Pourtant, l’appétit vient en mangeant, Camille Schmit aime ça. Et il se fixe désormais un nouvel objectif : « L’objectif, c’est Paris-2024 avec un, deux voire trois athlètes ! » Pourquoi le bois ? Outre Charel, Grethen et Charline Mathias, qui doivent malheureusement abandonner la saison en salle pour cause de maladie, il pense aussi à Vivien Henz :
« La première fois que je l’ai vu courir, il était petit, maigre, mais sa foulée et sa façon de se battre comme un lion ont montré tout son potentiel. Lorsqu’il est revenu après une interruption de deux ans du basket-ball, il n’avait presque plus de vitesse. Avec Christophe (Bestgen) nous avons beaucoup insisté là-dessus. Si on ne le fait pas avant l’âge de 16 ans, c’est trop tard.
Aujourd’hui, le garçon poursuit ses études à la prestigieuse université de Harvard : « C’était son rêve. Je pense qu’il a le potentiel pour atteindre le même niveau que Charel. Des États-Unis, Vivien Henz évoque sa relation avec son premier entraîneur : « Il surveille ce que je fais, me donne quelques conseils supplémentaires, me propose quelques ajustements, mais sans déranger les entraîneurs de Harvard. Camille est quelqu’un qui est vraiment à l’écoute de ses athlètes.
Alors un, deux ou trois sportifs à Paris ? Pendant ce temps, Camille Schmit poursuit sa retraite active. En plus des quatre séances hebdomadaires avec CSL et des séances personnelles avec Charel lorsqu’il est au Luxembourg, il ne manque jamais une occasion de sortir son VTT : « J’ai un problème au genou. Depuis que je n’avance plus, je n’ai pas couru depuis des années. Alors je prends mon VTT et je pars en forêt. Là j’arrive à avancer un peu », sourit celui qui explique avoir cédé à la fée électrique : « Depuis trois ans j’ai un vélo électrique », avoue-t-il, « donc, il ne faut pas se poser la question de savoir si on va être capable de revenir ou non ».
En bref
Née le 16 septembre 1956, Camille Schmit fera toute sa carrière professionnelle comme fonctionnaire au service technique de la commune de Luxembourg. Sur le plan sportif, il débute le football à Equality Weimerskirch et intègre l’équipe première à l’âge de 16 ans. Il jouera jusqu’à ses 27 ans, avant de partir faire de l’athlétisme.
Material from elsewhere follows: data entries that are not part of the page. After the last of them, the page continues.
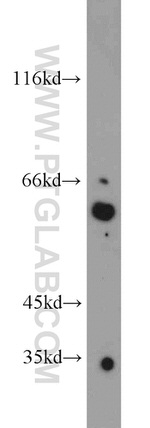 TRIP4 Antibody in Western Blot (WB)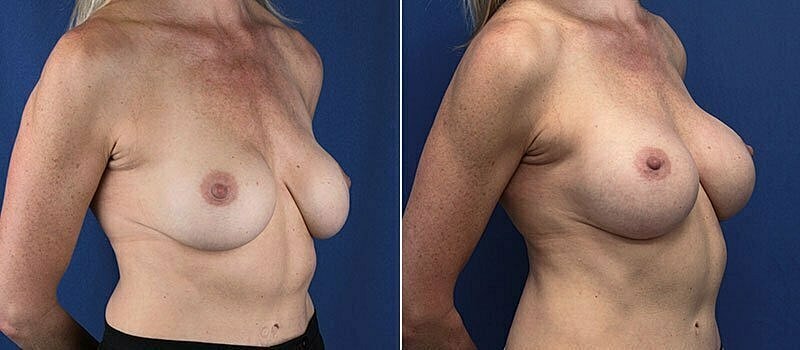 Secondary Revision Before & After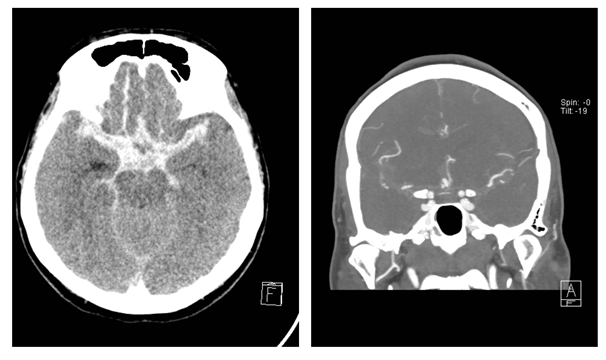 Head CT (left) and CTA (right) at time of admission to a
Division of Neurology (CT—Computed Tomography, CTA—CT Angiography).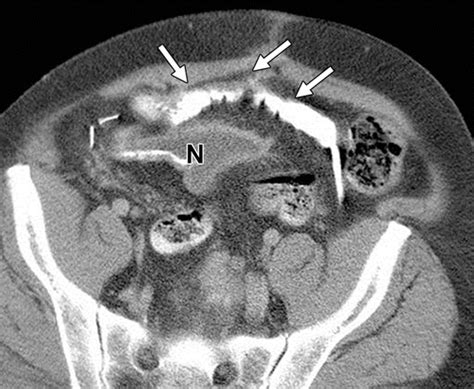 Follow The Stream Imaging Of Urinary Diversions RadioGraphics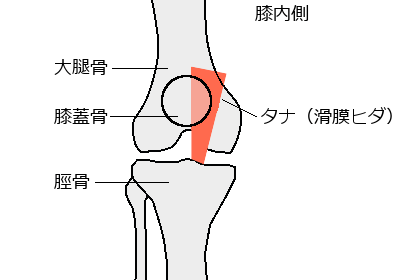 タナ障害 大阪の整体 遠方から大勢来院する創輝鍼灸整骨院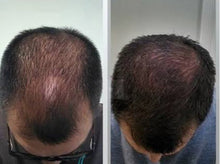 Load image into Gallery viewer, New JuvaLid Wireless Professional Red Light Therapy Hair Restoration Cap
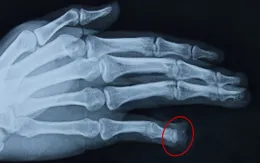 Nam thanh niên bị chó nhà cắn đứt đốt ngón tay, không thể nối lại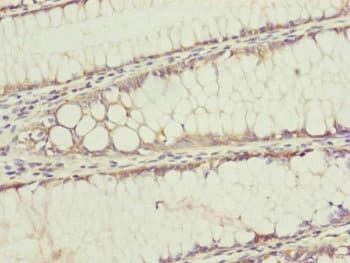 TIMM17B Antibody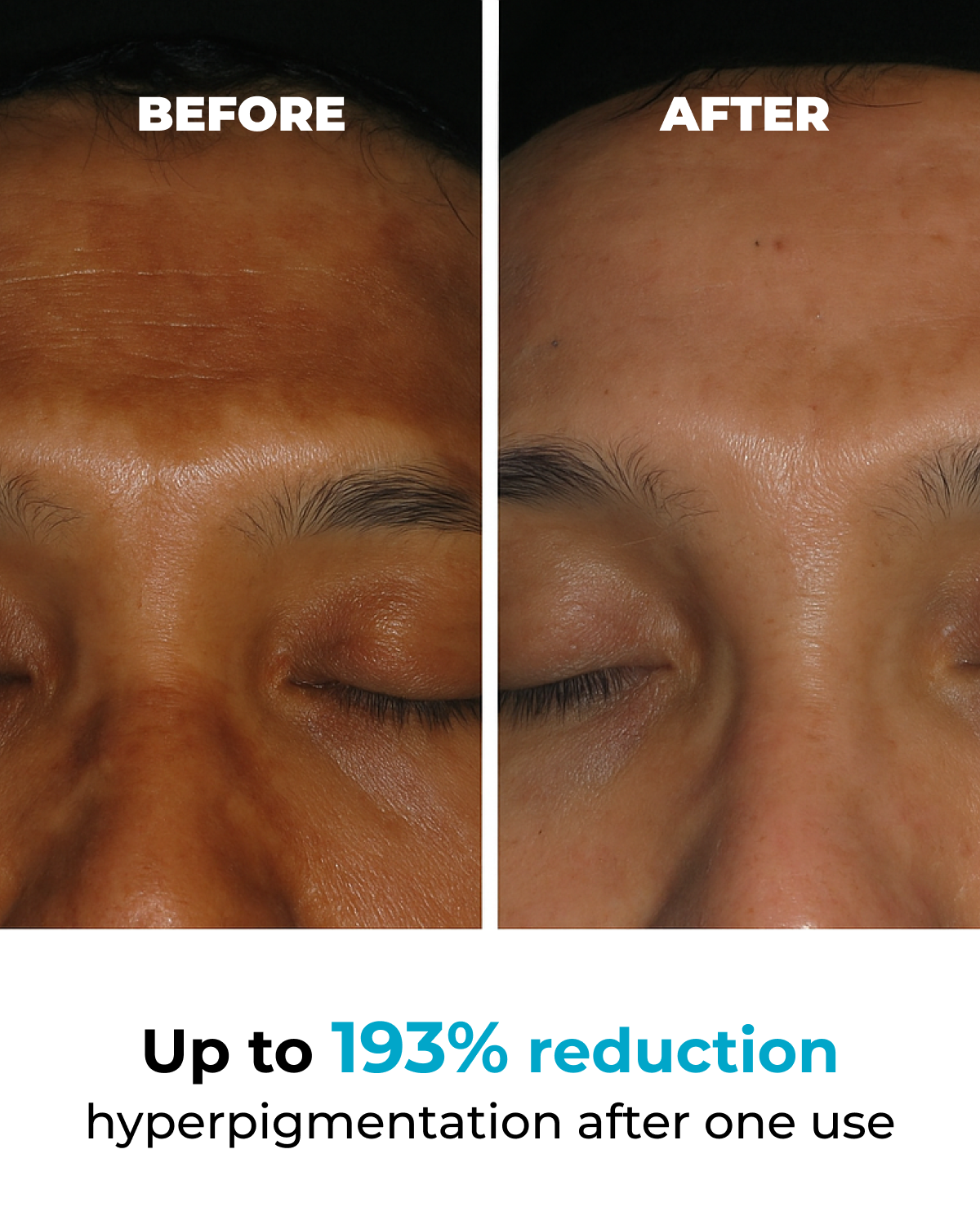 Viral Poción Corporal Jelly Booster para Pigmentación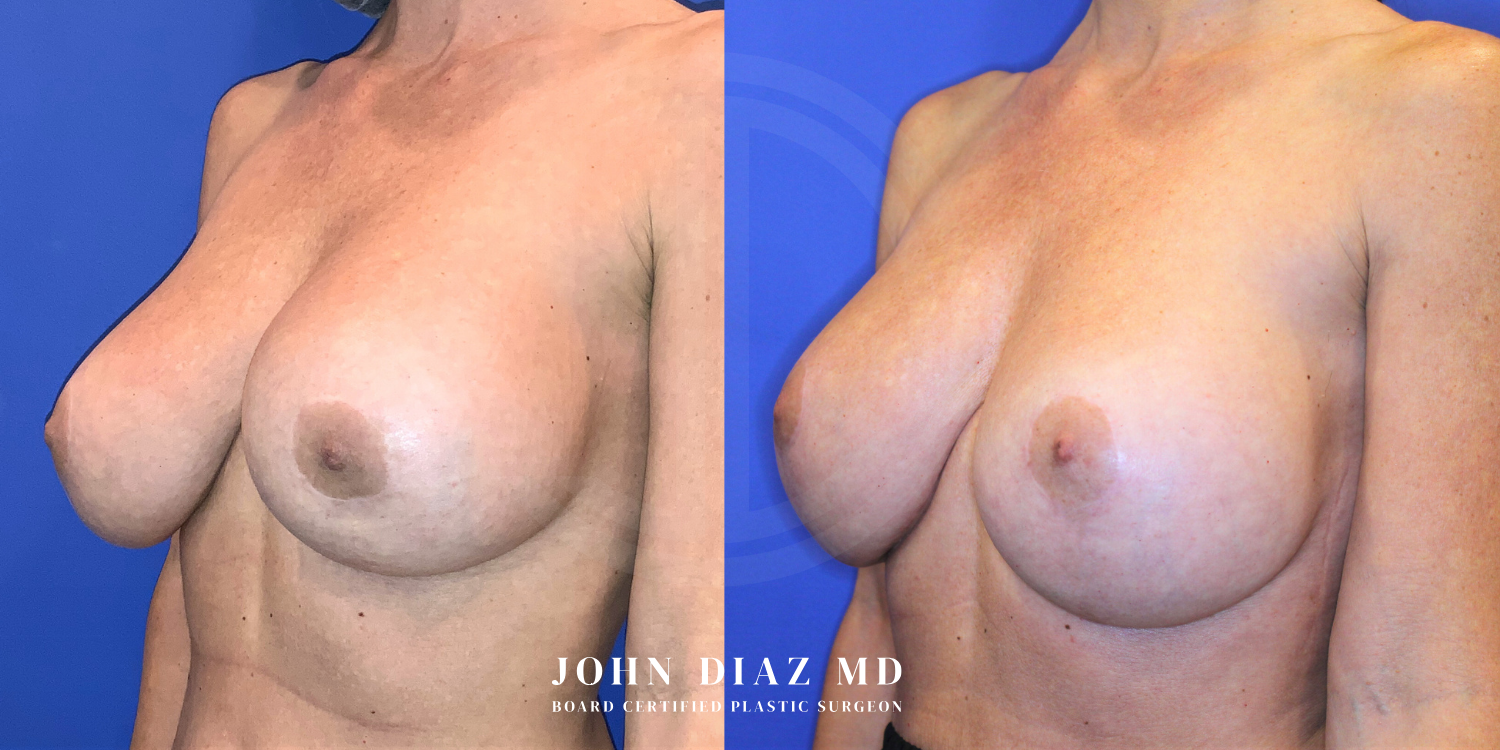 Dr John Diaz Before and After | Breast Revision, Capsular Contracture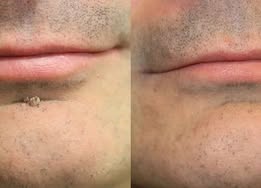 ✨Virellora®2-in-1 Microneedle & Hydrocolloid Patch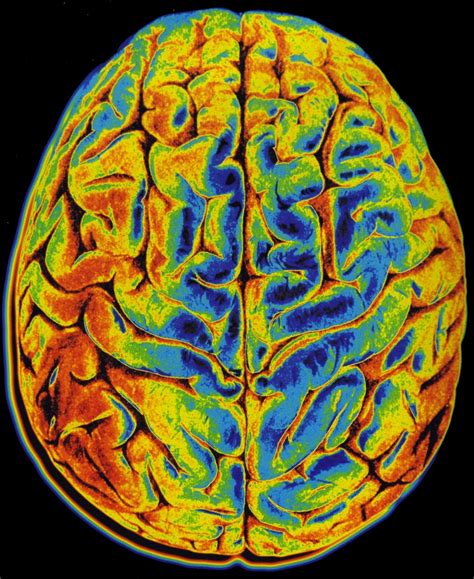 Brain Imaging Provides Window Into Consciousness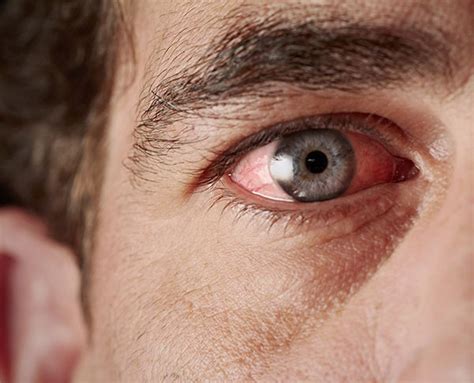 red eyes  symptoms treatment goyal eye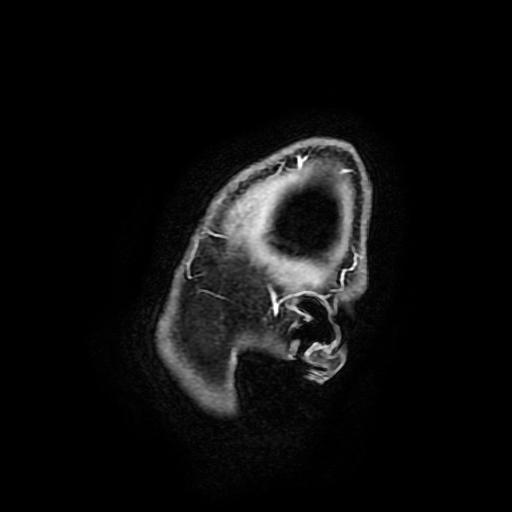 Chordoid glioma of third ventricle (Radiopaedia 91612-109340 F 17).jpg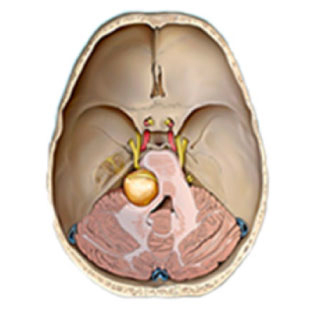 Schwannoma vestibular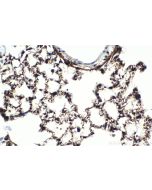 IHC easy ® SEPT4 Ready-To-Use IHC Kit KHC2073 proteintech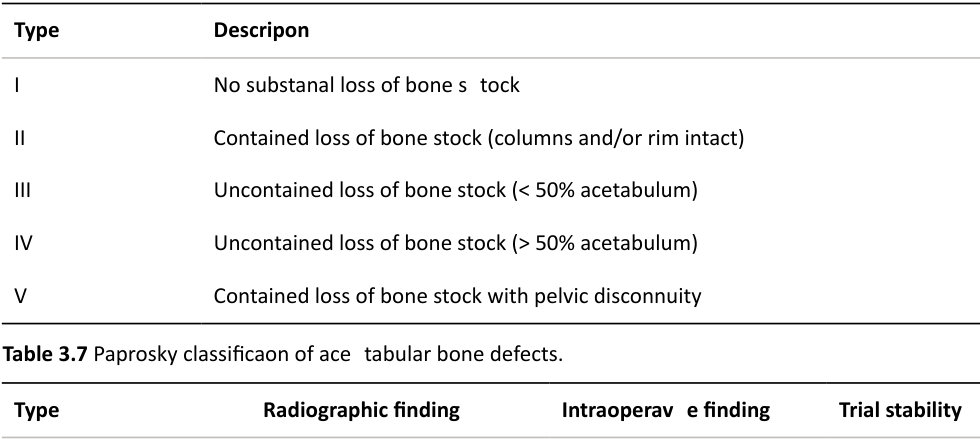 Table rendered from source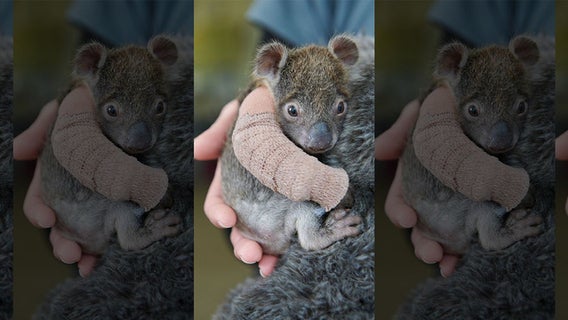 Adorable orphaned baby koala gets arm cast after falling from tree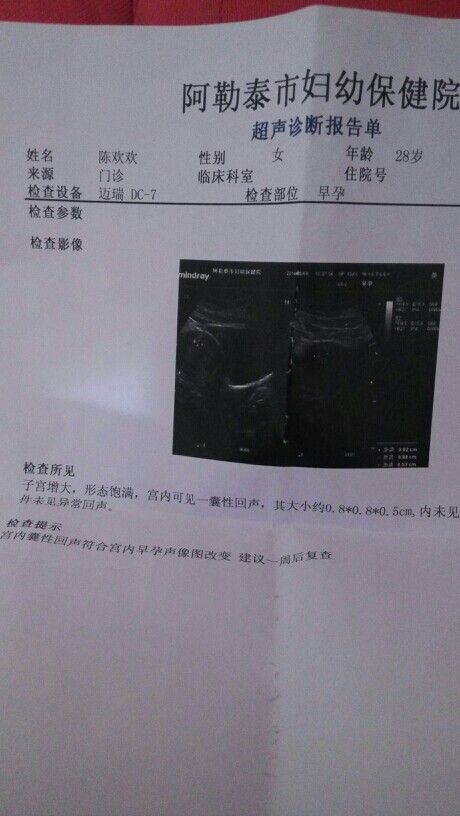 怎么看怀孕没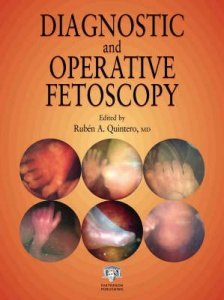 Diagnostic and Operative Fetoscopy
Il rejoint le club de la capitale où il remporte de nombreux titres nationaux sur des distances allant du 800 m en salle au marathon. Il vaut 2h20’50 » sur un marathon, 29’26 » sur 10 km ou encore 14’15 » sur 5000 m (les spécialistes apprécieront). Après avoir terminé sa carrière sportive à 40 ans, il devient entraîneur à Avenir Beggen pendant une dizaine d’années.
Il a le diplôme UEFA A qui lui permettrait d’entraîner dans la Ligue BGL. Après avoir quitté le club, il rejoint la CSL où il devient entraîneur du groupe demi-fond qui compte notamment Charline Mathias et Charel Grethen dans les rangs.
Il les accompagnera aux Jeux de Rio puis avec Charel Grethen à Tokyo, où son protégé atteindra la finale olympique. Il espère finir en apothéose l’an prochain, aux JO de Paris.